Of course, I get it!

Posted by Vincent Pawlowski at Aug 19, 2011 10:39 PM
This article is excellent, but it diminishes the huge number of us unemployed who are working tirelessly for economic and social justice. Like Van Jones, we deeply understand that clean, renewable energy jobs in a sustainable economy are the answer to the economic doldrums and divisiveness in this country.

I have known this since I returned to school for sustainable community development in 2006. A whole new generation of leaders is coming along who will know that some of us who were around during Jimmy Carter's call for an alternative energy revolution did not completely die.

President Obama must be kept to his promise to put solar collectors back on the White House roof by the end of summer. Since the budget cuts, we can even help him pay for them.

However, he must also deny the Keystone XL pipeline until a full life cycle carbon accounting is done, and the carbon costs included up front.

I get it too (I think)

Posted by Roxanne Peterson at Aug 20, 2011 11:00 AM
I don't think the article really diminishes the efforts of people working in the various sustainable, green fields. I often feel there is a major disconnect between those with the right kind of education, experience, and luck to snag a paid position in the progressive movement, and the rest of us who also get it but are too beaten down trying to survive to meaningfully participate. It's not like the 60s where the counterculture movement really did capture everyone's imagination and we all felt uplifted by that. We didn't need community organizers then to make us feel the passion. And I don't think that approach will work now. We will win some battles and lose some battles, but I don't think we will ever organize our way out of this mess. We are way too decentralized and fragmented these days, the world is more complex than we ever imagined, and those of us hanging on by our fingernails (and we are legion) can't even begin to see the light at the end of the tunnel - yet. Hope springs eternal, and I can imagine a better future, but there doesn't seem to any mechanisms for disenfranchised people to move toward that vision on a personal level. So we continue to stand poised on the brink.

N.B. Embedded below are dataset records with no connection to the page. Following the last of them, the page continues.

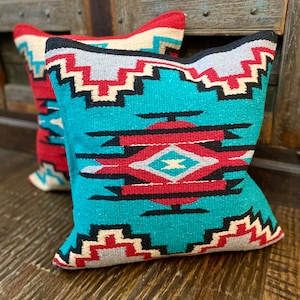 Retro Turquoise and Grey Throw pillow with insert 18&quot; x 18&quot;; boho southwestern style, western decor, unique patterned pillow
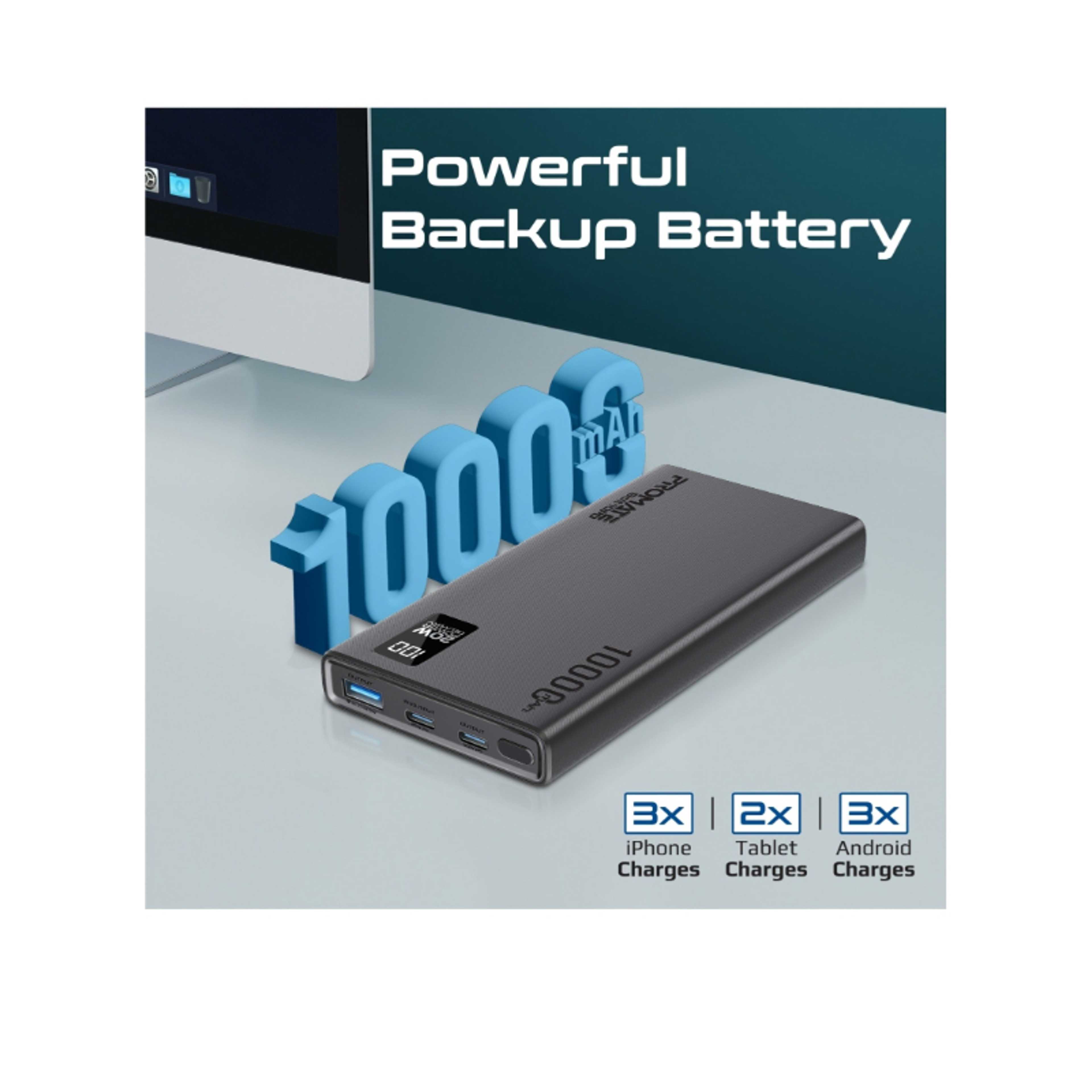 10000 mAh Ultra-Slim Power Bank With 20W USB-C Input/Output Port QC 3.0 Output Black - Product Main Image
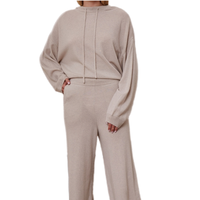 Pull en cachemire personnalisé de luxe pantalon tricoté ensemble double ensembles en cachemire costumes de salon pour femmes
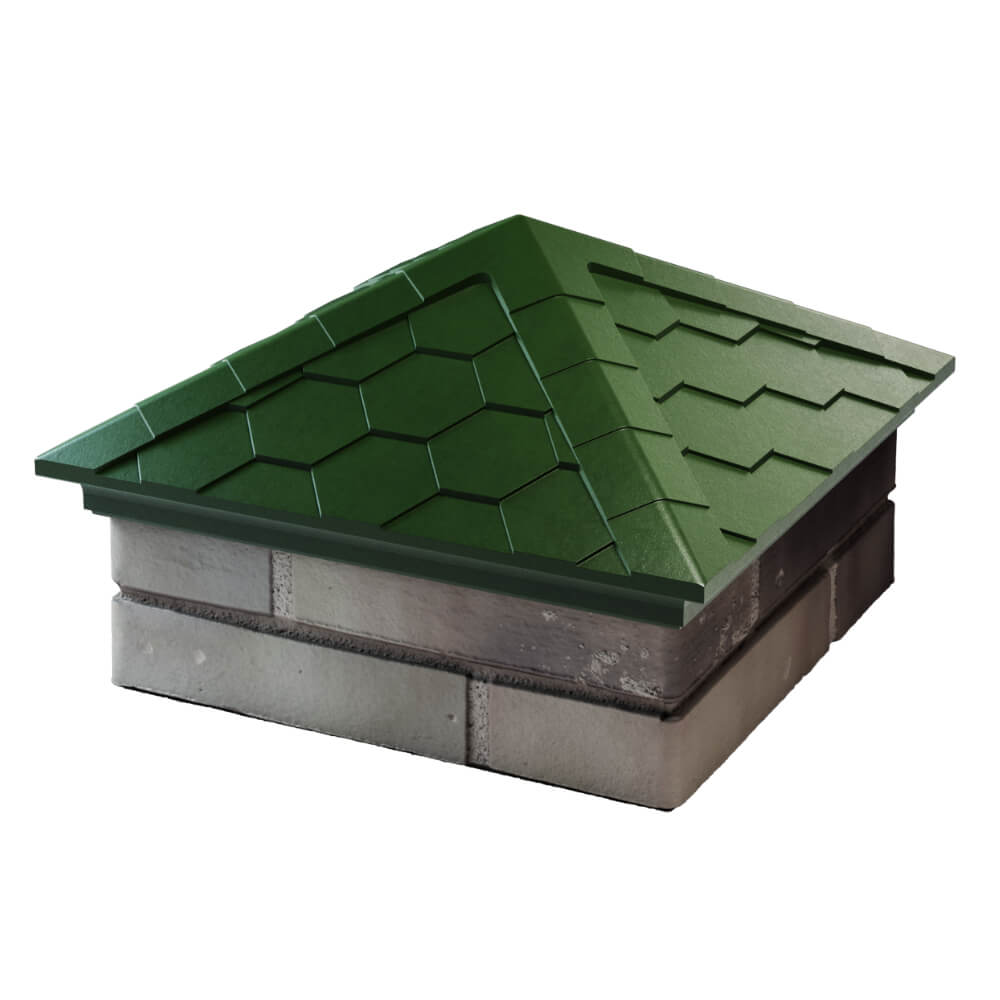 Колпак Zking Эверест Зеленый на столб 1.5х1.5 кирпича (390х390мм) в Липецке фото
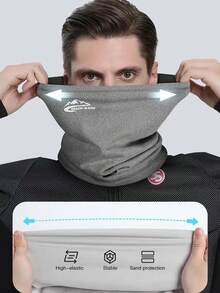 1pc Solid-Colored Face Mask, Available In Black And Gray, Provides Warmth, Windproofing, And Dustproofing. It Is Unisex And Suitable For Winter Sports, Cycling, And Training - Multicolor - View 10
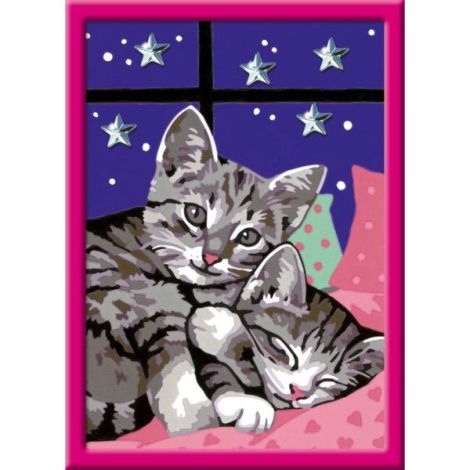 Ravensburger - CreArt pictura pe numere pentru copii pisicute somnoroase cu pietre sclipitoare - poza 3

referendums also understood

Posted by d.m. at Sep 03, 2011 05:38 PM
you of course also understand how bill of rights as computer program enables employment by computer experts volunteering services in turn creating employment. also that printing out forms for say green-marxist party employs a number of people in the party .
also thatt referendums on making for the u.s. bill of rights a computer program employ you.
if you want more i have a blog called united nations charter as computer program at blog spot.com.
it can also be found under the title humansintheuniverse. though so many of those is hard to guess quite which one

suppose referendums also done.

Posted by Anonymous User at Sep 03, 2011 05:48 PM
i suppose since 1900 and the first model t ford referendums on banning cars were held in u.s.a.
perhaps more can be had on denial of democracy since then.
probably green-marxist parties in 1900;s right?

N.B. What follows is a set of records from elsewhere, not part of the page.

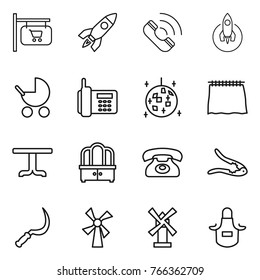 Thin line icon set : shop signboard, rocket, call, baby stroller, phone, disco ball, curtain, table, dresser, walnut crack, sickle, windmill, apron
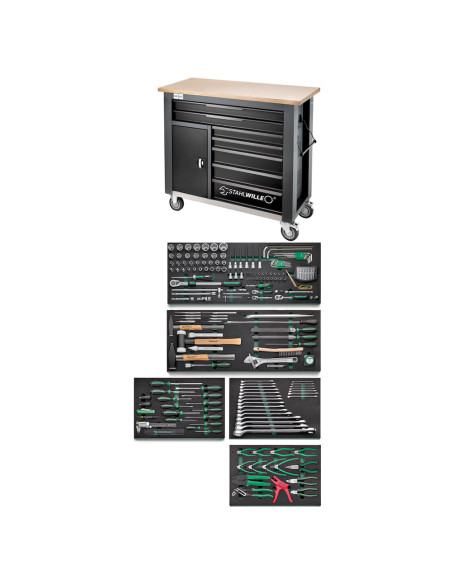 Stahlwille 98830204, Banc de lucru mobil WB 621/238QR, 7 sertare cu glisare completa, compartiment lateral, blat din lemn, inchi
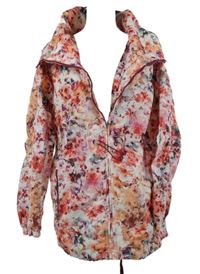 Dámská růžová kytičkovaná šusťáková parka 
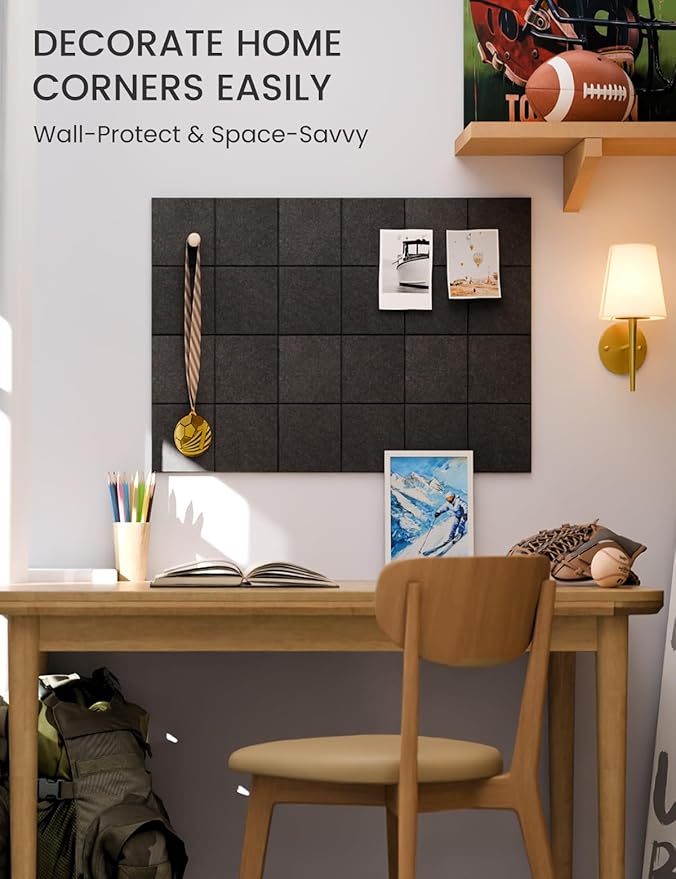 Fluxynara Felt Bulletin Board Tiles -28"x18" Cork Board Alternative for Office Decor, Push Pin Board Wall Organizer 6-Pack-Charcoal Gray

also protesters equipped with maagnetized protests signs were sent abroad during both world wars to negate small arms fire right?
maybe after russian revolution and at stalin grad and after the russian communists used magnetized protest signs before the Red Army .am i correct?

Work not Jobs

Posted by Ed Lytwak at Aug 20, 2011 07:25 AM
Why no jobs movement? Asking the wrong question is never going to get you to a right answer. As Grace Lee Boggs has been saying for decades, we don’t want “jobs” we need “work” -- as in a right livelihood. The first step to building a social movement and new economy is to understand the difference between a “job” and real work. A job is something that a person does to make money and is more commonly known as wage slavery.

People want jobs because in our capitalist system they need money to buy the goods and services necessary for their survival, i.e. food, shelter, medical care etc. The primary and often only purpose of a job is for the employer, aka corporate masters to make money off your labor. The current system is set up to make people unable to meet their basic needs without selling their labor to a corporation. Those that have “jobs” are considered the lucky ones in our society.. The overwhelming condition of most people in our society is being forced into wage slavery. The only difference between a slave and wage slave is that the shackles have been taken off the legs and put onto the mind.

Work on the other hand is something that provides a needed good or service to your community. Work benefits both the individual performing it and the community. Work is revolutionary because its primary purpose is to provide for people’s real needs not corporate profits. The most revolutionary of actions is to do work that provides for your family or communities’ needs without the exchange of money.

great concept - now how do we implement?

Posted by Roxanne Peterson at Aug 20, 2011 11:16 AM
Yay! Where do I sign up? Shall we start our own ecotown? Seriously, who has the initial capital, property, resources, and will to get this underway across the nation so people like me can participate? Time to move from talk to action I say.

It's already happening

Posted by Ed Lytwak at Aug 20, 2011 03:02 PM
Obviously most of us are still living under the dominant economic order where jobs are a necessary evil. But, there are also a lot of transition people. Those who are doing necessary and important work but are also finding a way to have it pay money. These people are the base of the new economy. Others are doing work and finding ways to make them pay, even if its not always money. These include what I would call the radical homemakers - turning the micro economy into a place of production not just consumption.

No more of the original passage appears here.